══ GIVEN MATERIAL
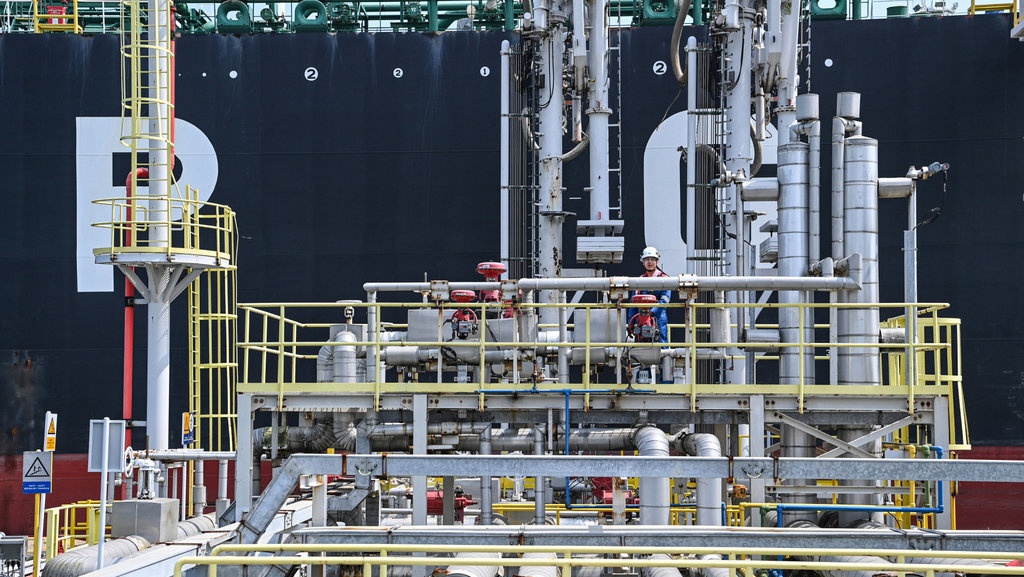 PIS Ungkap Permintaan Energi Fosil Masih Tinggi Meski EBT Naik PIS Ungkap Permintaan Energi Fosil Masih Tinggi Meski EBT Naik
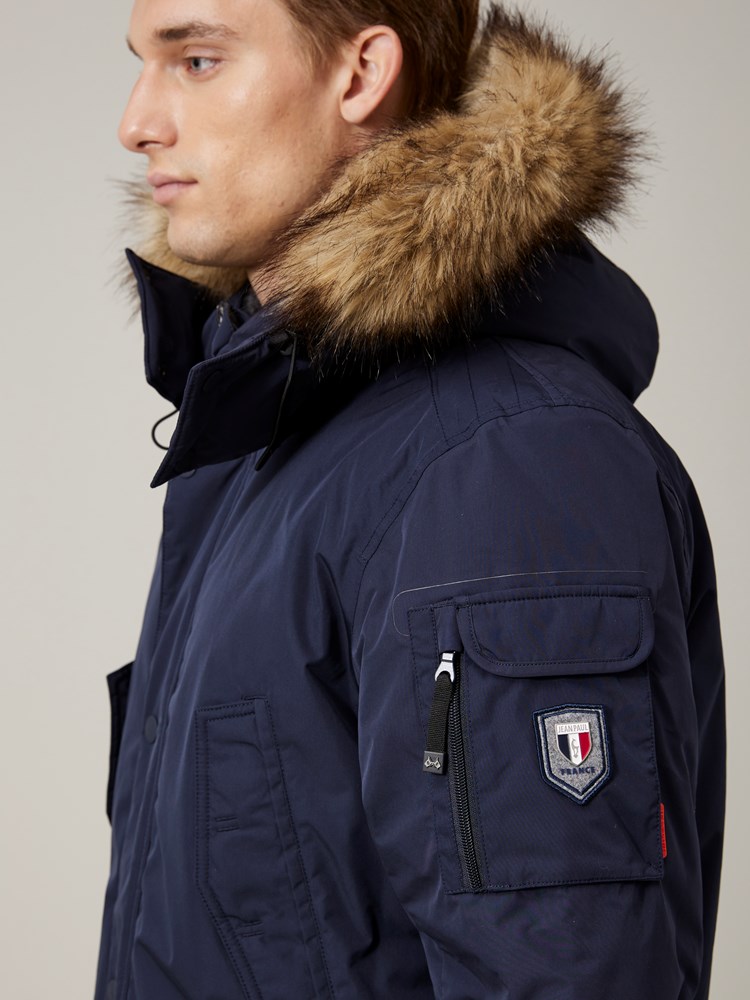 Vancouver parkas 7504351_EM6-JEANPAUL-A23-Front_5133_Vancouver parkas EM6.jpg_Front||Front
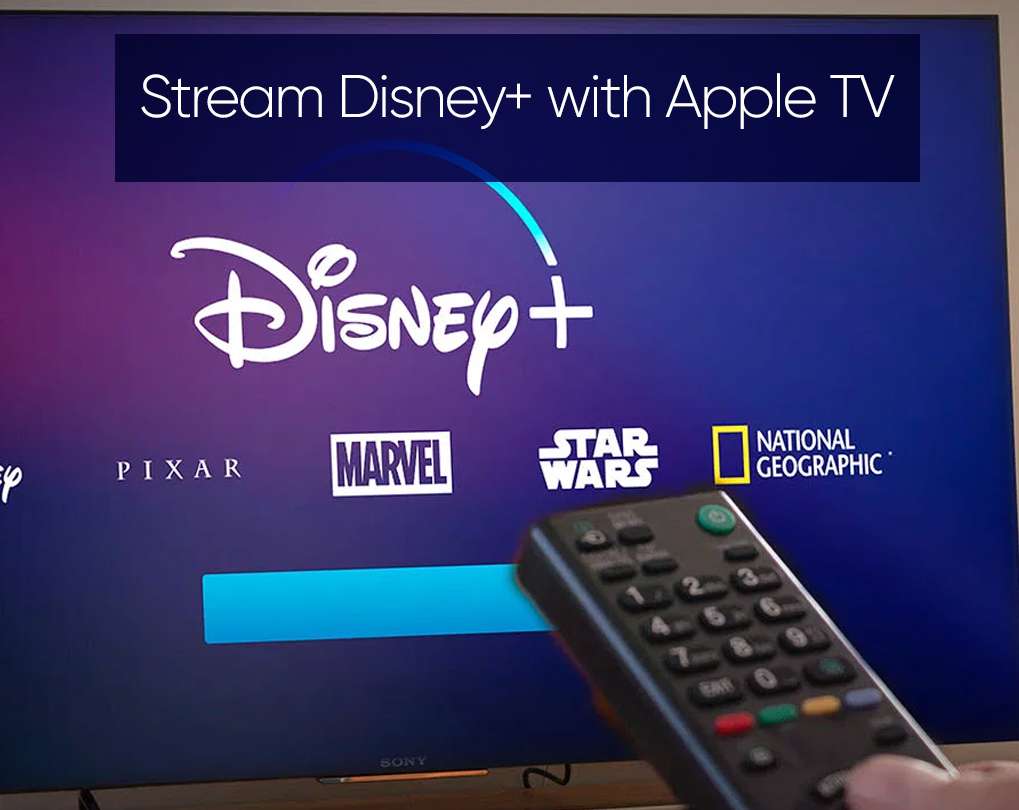 How to Get Disney plus on my TV in 2020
════
## TASK BRIEF:
Your copy must repeat the data word for word and show none of its images.

## EXERCISE OUTPUT:
 PIS Ungkap Permintaan Energi Fosil Masih Tinggi Meski EBT Naik PIS Ungkap Permintaan Energi Fosil Masih Tinggi Meski EBT Naik
 Vancouver parkas 7504351_EM6-JEANPAUL-A23-Front_5133_Vancouver parkas EM6.jpg_Front||Front
 How to Get Disney plus on my TV in 2020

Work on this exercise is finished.